The best-selling Jewish kitchen is an expensive and slow-working product, warns Carla Rodamilans, a member of Rooftop Smokehouse along with two chefs from Hoffman School, Buster Turner and Jakob Zeller. To make pastrami you have to count, first of all, with a calf’s breast of good quality. He is left for three weeks in brine, smoked for 16 hours and finally dried for two days. “If it is not smoked it is not pastrami,” Rodamilans points out, which marks the differences with corned beef, similar to pastrami but instead of being smoked, is boiled in vinegar. It is a craft process that is difficult to accelerate without distorting the product. They sell it through their website in a box with the kit to make the canon sandwich: in addition to pastrami, pickles or pickles, beer mustard and sauerkraut or fermented cabbage. It costs 24 euros and only lacks the rye bread.

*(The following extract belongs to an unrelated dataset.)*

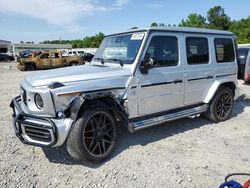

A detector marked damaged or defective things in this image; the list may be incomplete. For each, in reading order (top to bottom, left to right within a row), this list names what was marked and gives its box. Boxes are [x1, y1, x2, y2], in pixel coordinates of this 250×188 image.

wrecked vehicle [17, 50, 85, 70]
wrecked vehicle [10, 26, 237, 163] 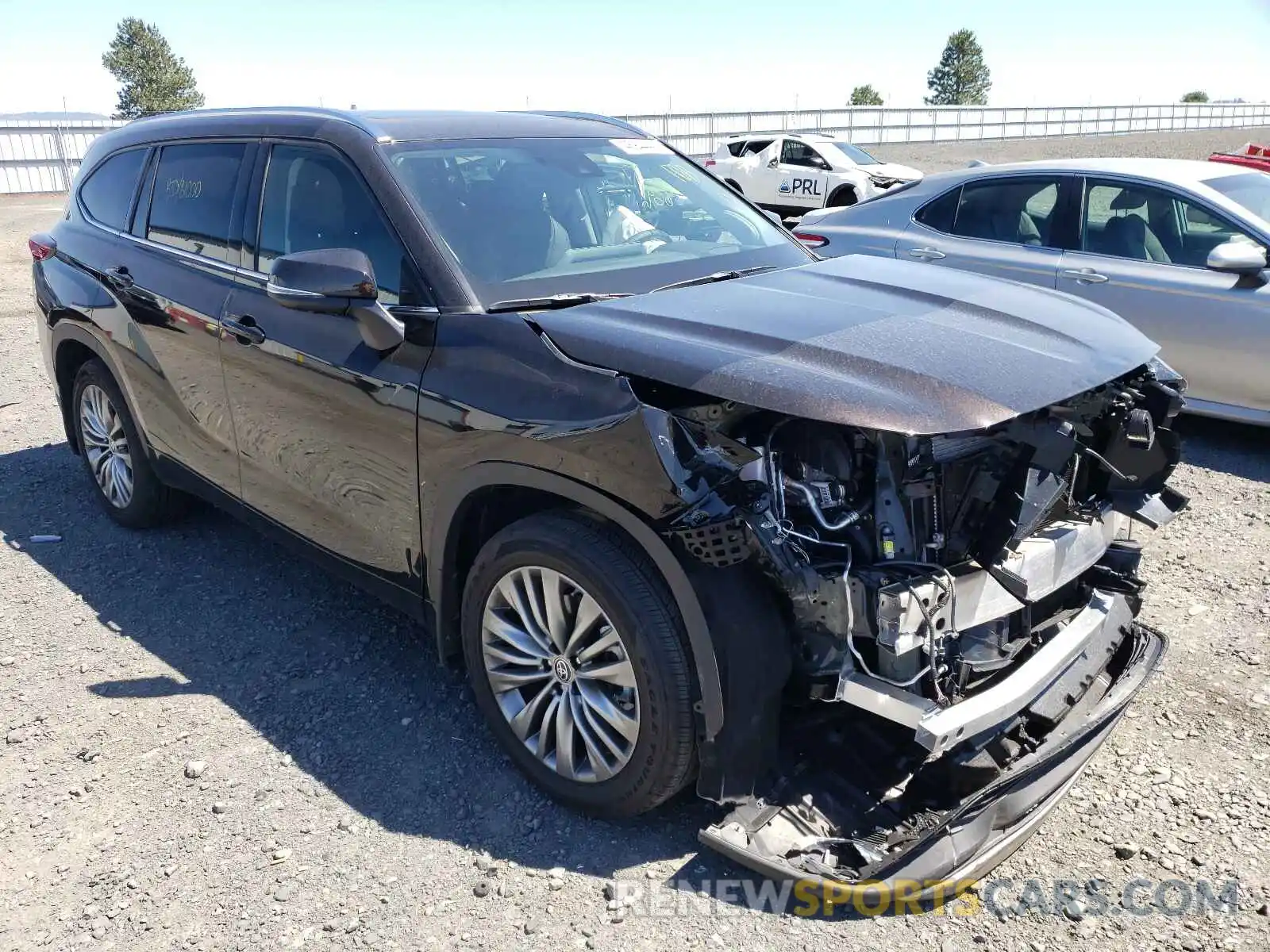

Kosher food, it is considered a heresy to eat pastrami with bread smeared smeared with mayonnaise: there is nothing that would betray more to a WASP (in the United States, of Protestant and Anglo-Saxon origin). For something in Hannah and his Sisters, the character of Woody Allen was enough to stock these two ingredients, along with a Bible and a crucifix, to complete his conversion to Catholicism.
Although the origins of the pastrami are settled between the Jews of Eastern Europe and those who emigrated to the USA, lately abounds in Barcelona: a search on TripAdvisor gives up to 56 results. Many locals have turned it into a claim of their menu, such as the Elsa and Fred gastrobar, which accompanies it with candied onions, arugula and mustard; The Bar Rufian, who opts for the glass, the Tropico, which serves with eggs benedict, or the restaurant of the concept store Iluzione, which is played with a focaccia of pastrami. It is even available in some supermarket chains. “We run the risk of vulgarizing a good product,” warns Mario Ponce, Pastrami Barcelona. Shortly after opening the Hungarian delicatessen Paprika Gourmet, its promoters, Daniel Moreno and Veronika Fazekas, began to provide pastrami to establishments and individuals of all Spain under this brand. “In the first year of Pastrami Barcelona we had about 15 restaurants as clients, now we are going for 50 and we have arrived in Madrid, Valencia, Murcia, Basque Country and even Almeria,” says Ponce. Pastrami Barcelona buys the product an Austrian manufacturer. And they also have their own bar, Cal Marius 449, where a portion of snacks serve croquettes and pastrami pumps.
According to Ponce, the pastrami boom is due to the “nobility” of the product itself: it is difficult for someone to taste it and does not like it, he argues, and has a genuine flavor that has nothing to do with veal, like Iberian ham does not taste like pork. Hollywood has done the rest, beginning with Meg Ryan’s feigned orgasm in When Harry Met Sally, he took a pastrami sandwich at Katz’s in New York to everyone on the town. As if the legion of films were not enough to promote the product, Pastrami Barcelona is very active in the networks, with hashtags like #pastramilovers or #pastramibcn.